More woes for education

The Department of Education is said to be considering a three-day school week in some schools in Metro Manila. The plan, to be implemented this school year if warranted, seeks to address the problem of overcrowding in face of an expected rise in enrollment.

If I may suggest a solution, I propose the sending of schoolchildren who can no longer be accommodated in existing classrooms in Metro Manila to the far-flung provinces and out-of-the-way islands where there are classrooms that do not even have students.

Or, if this cannot be done, considering the logistics required to transfer all these children, not to mention the impact this will have on their families, I suggest the dismantling of these empty classrooms in the provinces and islands and reconstructing them in Metro Manila.

You think I'm crazy? Better think again. I'm just taking off where no less than the education secretary himself, the Honorable Brother Armin Luistro, left off. In a television interview several months ago, Luistro claimed, without batting an eyelash, that there are many classrooms in the provinces that do not have students.

Luistro's claim was his way of denying that the Philippines faces a lack of classrooms. According to the education secretary, there may be a shortage of classrooms in Metro Manila but that, overall, there is no real shortage because, well, there are even classrooms in the provinces with no students in them.

This, of course, is the logic of a man who refuses to accept criticism. Once Luistro makes up his mind, all contrary opinions become irrelevant. He does not accept the possibility that others can be right and that he can be wrong.

Take the case of the K to 12 program that he rammed down the throats of all Filipinos. K to 12 adds two years to the basic education curriculum. Why does he want it? Because almost everybody is doing it. It does not bother him one bit that the Philippines is not prepared in many ways to embrace two more years of education.

Luistro loves to rattle off the names of countries that have 12 years of basic education but conveniently omits the names of others against which the Philippines is so many times better even if it only has a 10-year basic education curriculum.

As I have written here so many times before, it is not how many years you add to basic education but the preparation you have to embrace the added years. More importantly, it is not the number of years but the quality of education that goes into those years.

To me, I would rather have 10 years of real quality education taught by highly-qualified teachers to an ideal number of students in a classroom conducive to learning, aided by high quality error-free teaching aids and materials.

To me, even if we add 10 years to basic education to make it 20, it will still not mean anything if our teachers are poorly-skilled, poorly-paid and overworked, forced to teach a circus of 70 children in a room or under a tree, sharing error-filled books five kids to one.

To me, adding two more years to basic education stretches the limits of practicality in a nation where, according to statistics from Luistro's own education department, only about four out of every 10 children who enroll in Grade One will get to finish High School.

In the Philippines, there is a chasm of a difference in the standards between private and public schools.

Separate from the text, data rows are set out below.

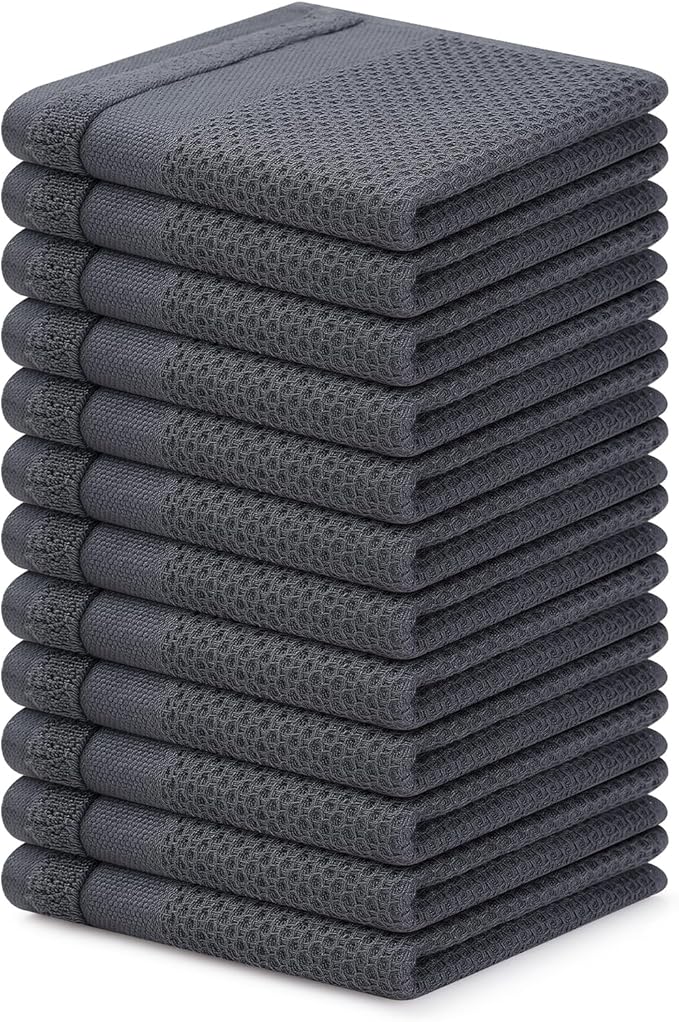 Homaxy 100% Cotton Dish Cloths, 12 Pack by Homaxy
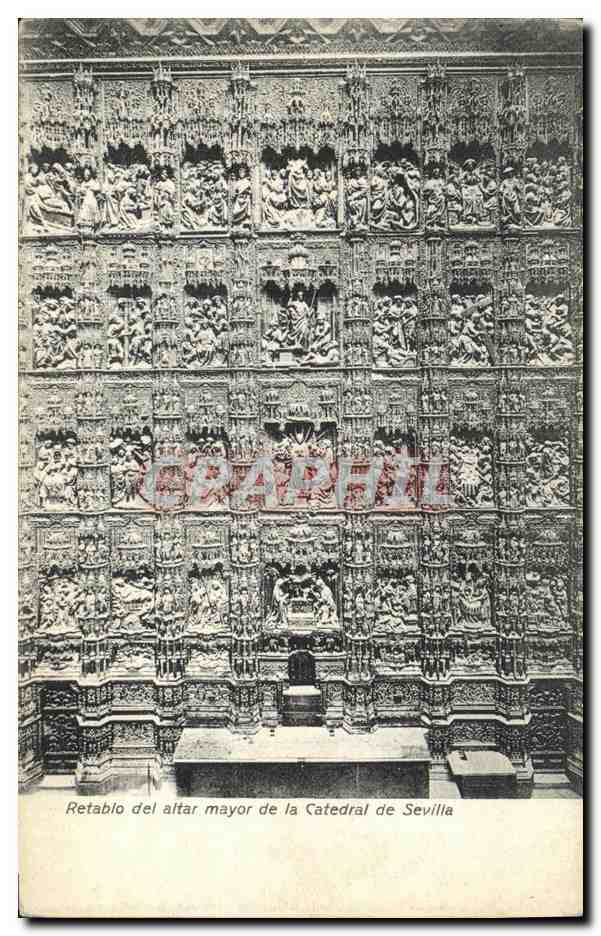 CPA Retablo del alter mayor de la Catedral de Sevilla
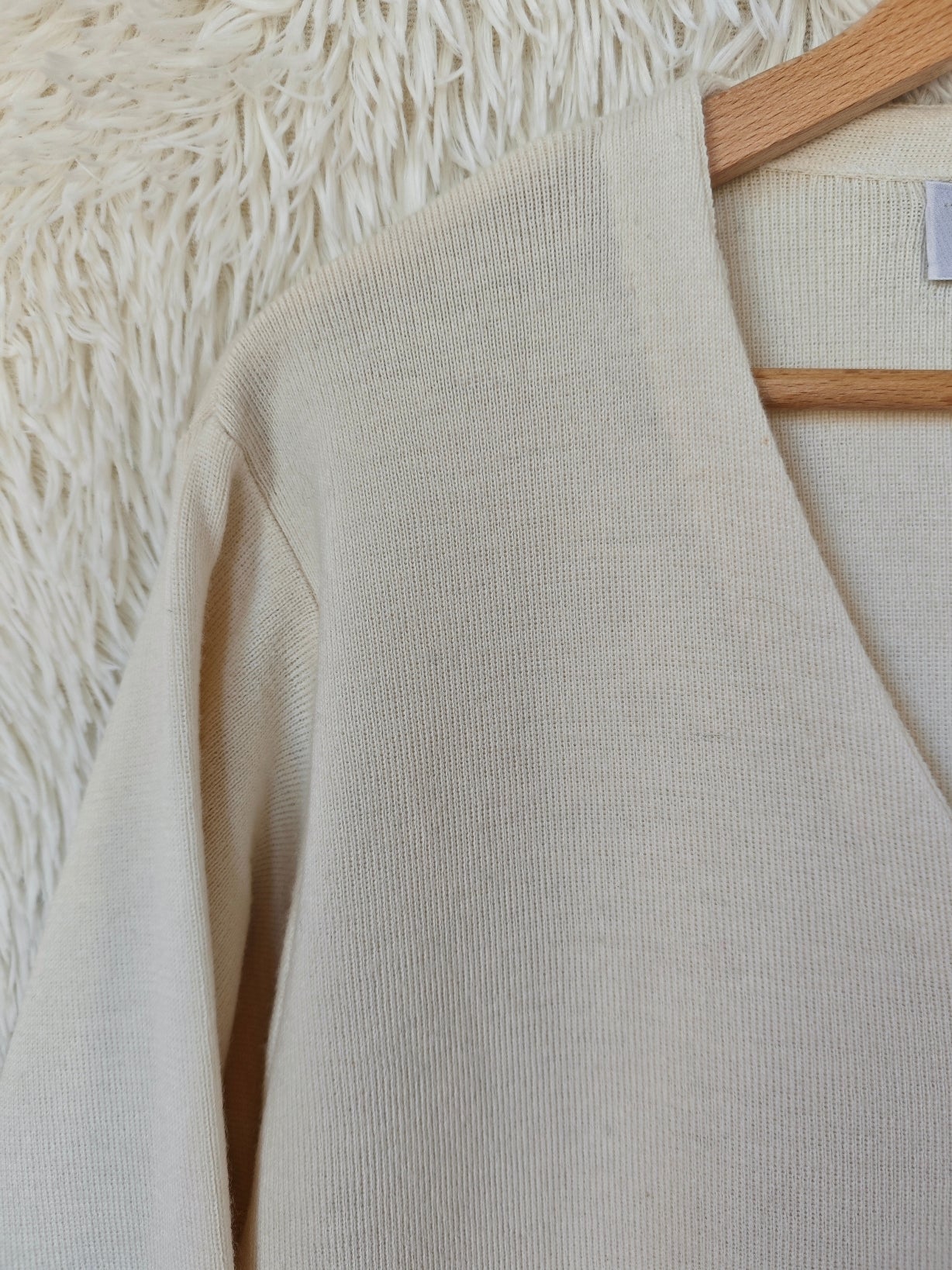 Cardigan paperino crema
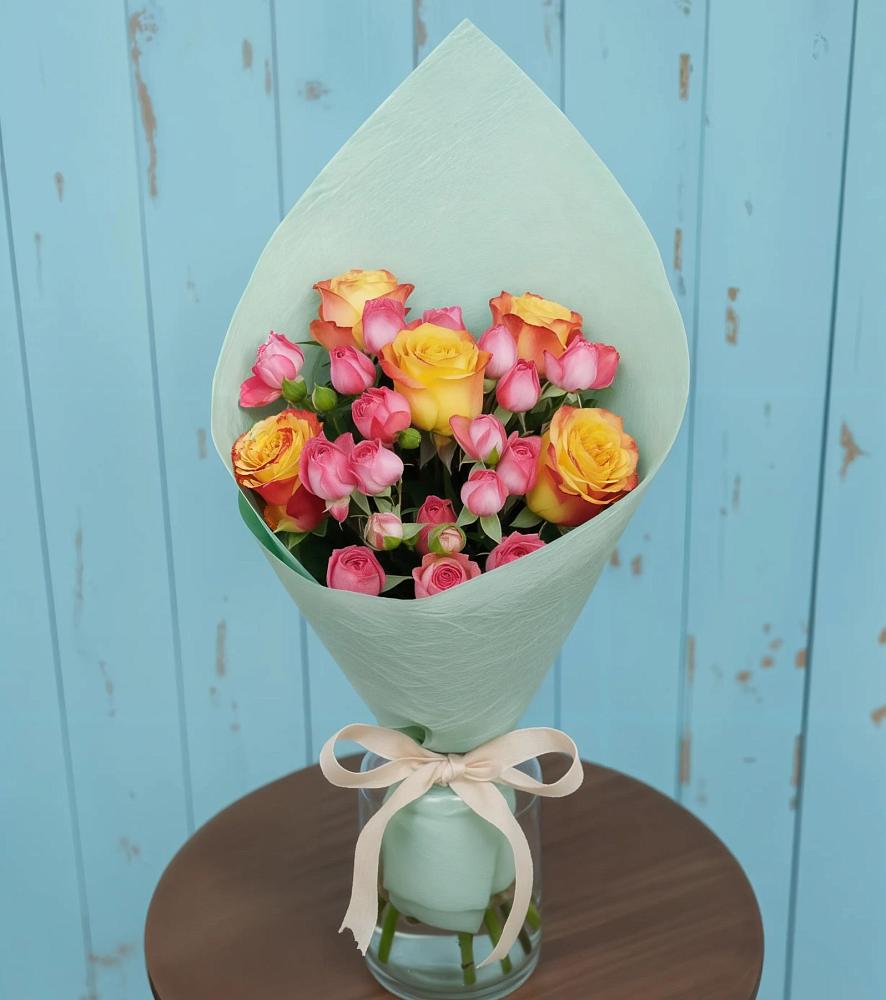 Букет цветов из: Розы в Новобейсугской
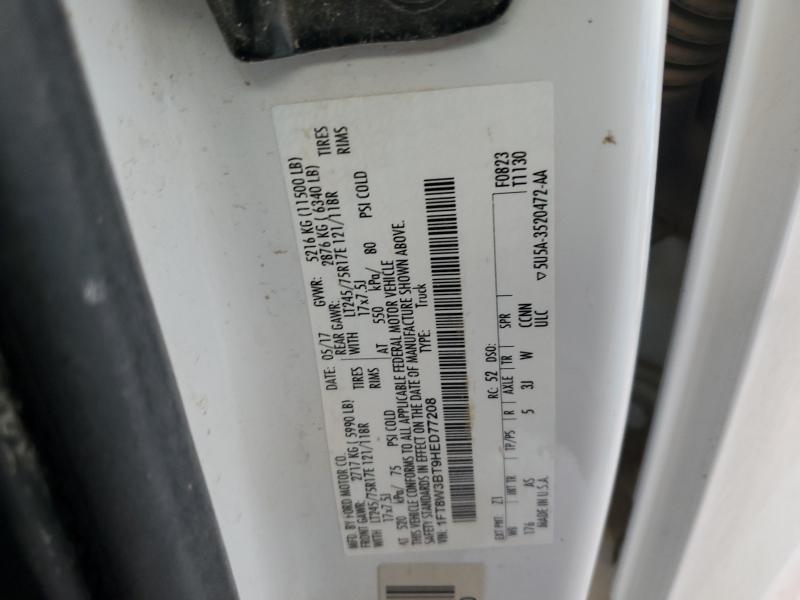 2017 FORD F350 SUPER DUTY - 1FT8W3BT9HED77208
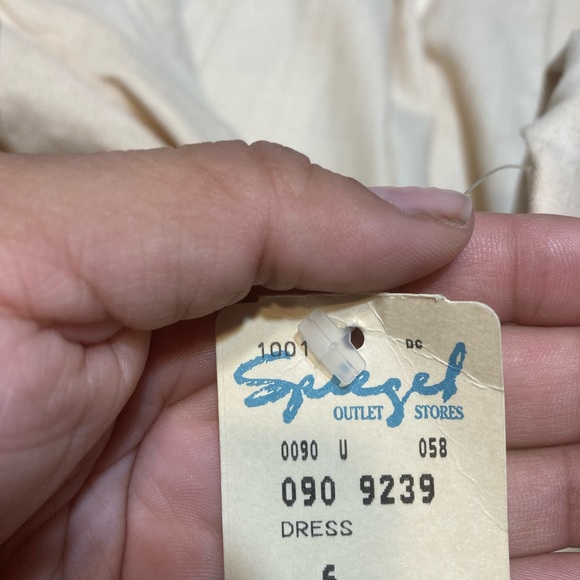 Vintage Together Spiegel Deadstock Linen Button Down Long Sleeve Dress Size 6 - Picture 11 of 12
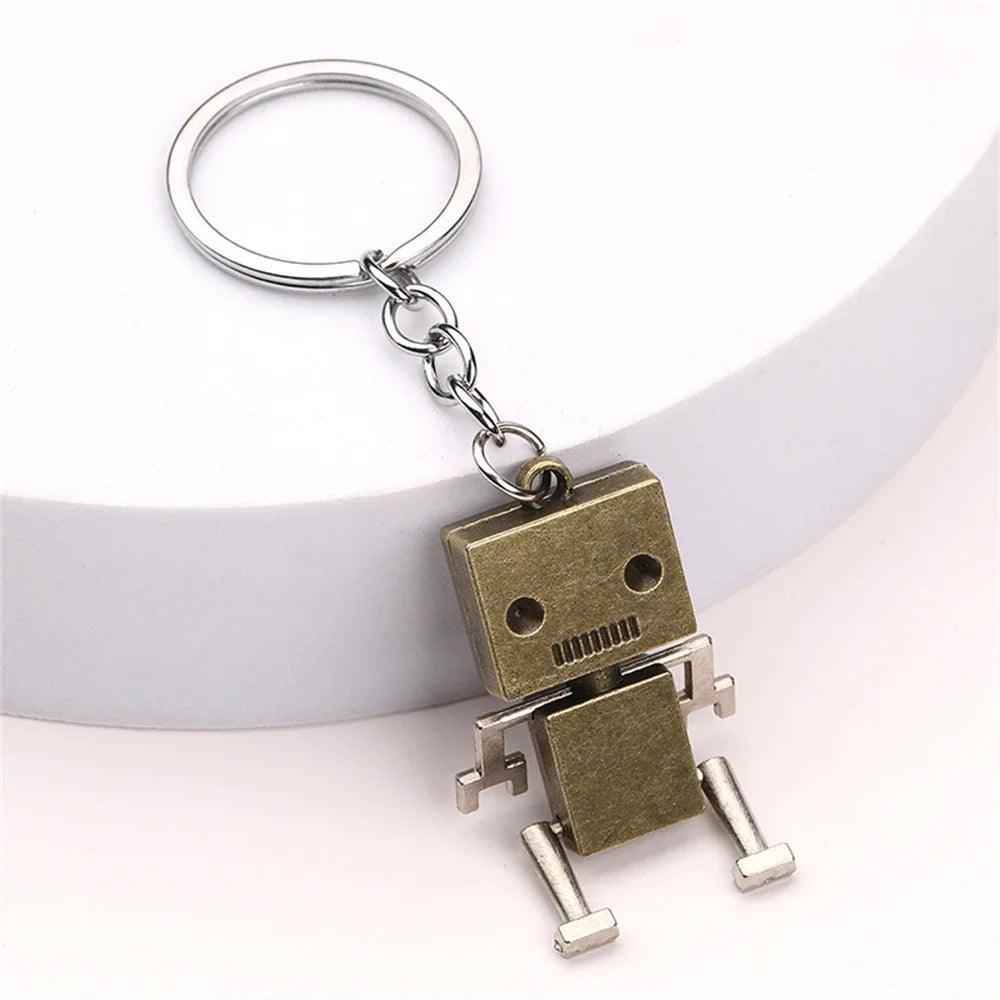 Unique Keychains - 3D Movable Joint Mini Robot - Bronze Color - TSKC7 - Touchy Style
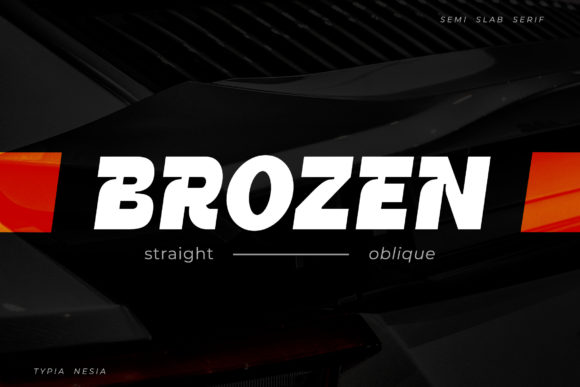 Brozen: A Bold and Thick Display Font for Creative Projects
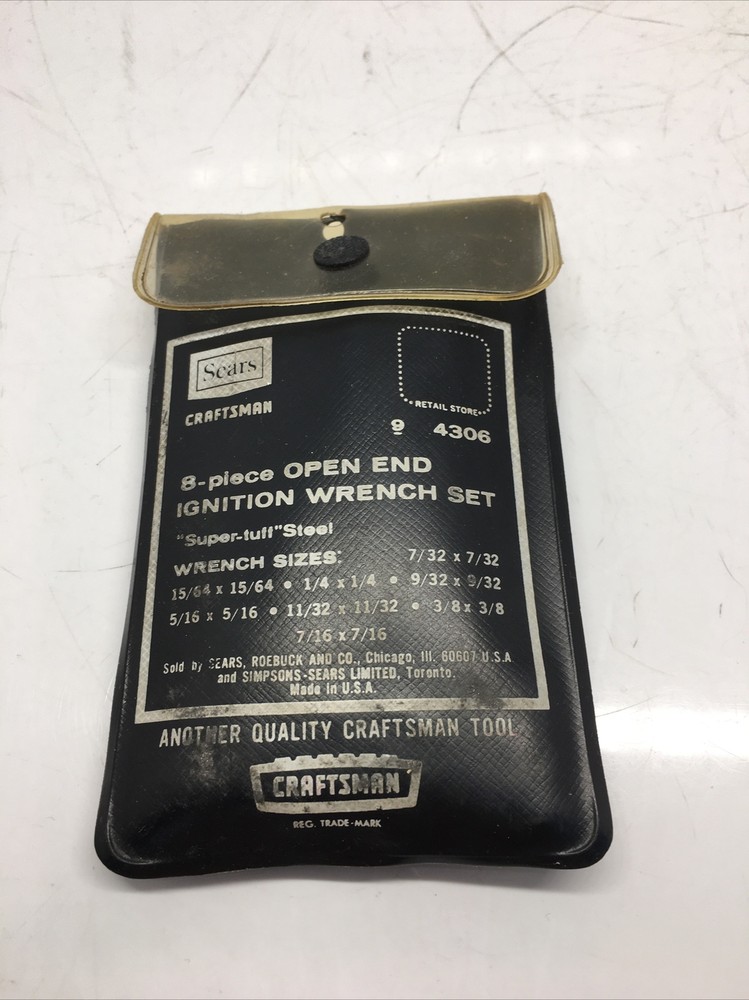 craftsman tool set 9 pack of Ignition wrenches Used Engraved Multiple Sizes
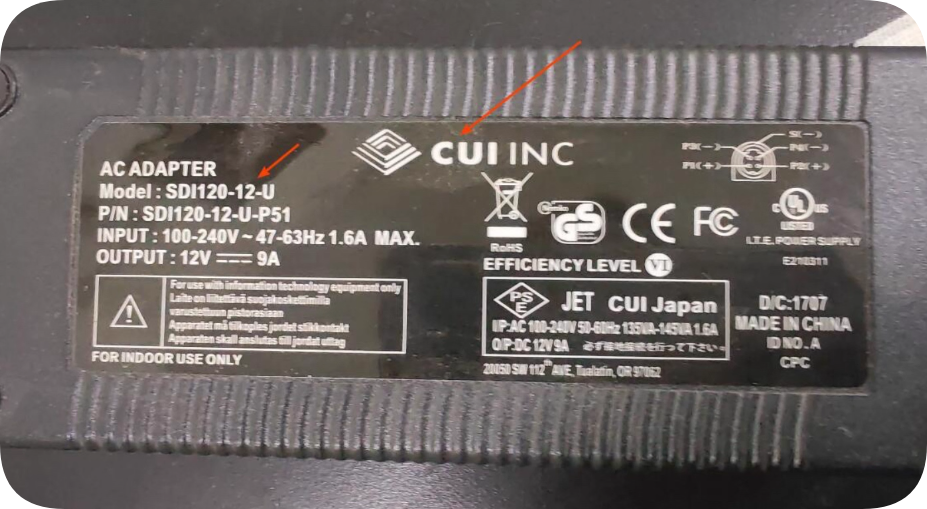 *Brand NEW* 12V9A round port four-pin SDI120-12-U-P51 charger Applicable to SDI120-12-U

Yet Luistro's pet project K to 12 is applied to both without distinction. One can only imagine the great disparity this may have on those who get to finish the entire course.

Again, I have nothing against two more years of basic education. As much education as anyone can get is always good. Besides, the K to 12 program is admittedly well-rounded and is thus good preparation. But the timing of its implementation is simply not right.

To make a good idea work, the right circumstances must be in place. Unfortunately, the right circumstances are not only not in place, they are actually missing in many areas. The classroom situation is just one example of a circumstance that can bring K to 12 down like a house of cards.

In the Yolanda-hit areas, for instance, schools are still unrepaired where they can still be repaired, and unconstructed where they have completely vanished. There, schooling is uncertain, much less K to 12. Yet K to 12 plods on unrestrained. And now Metro Manila may have only three days of school a week. K to 12 anyone?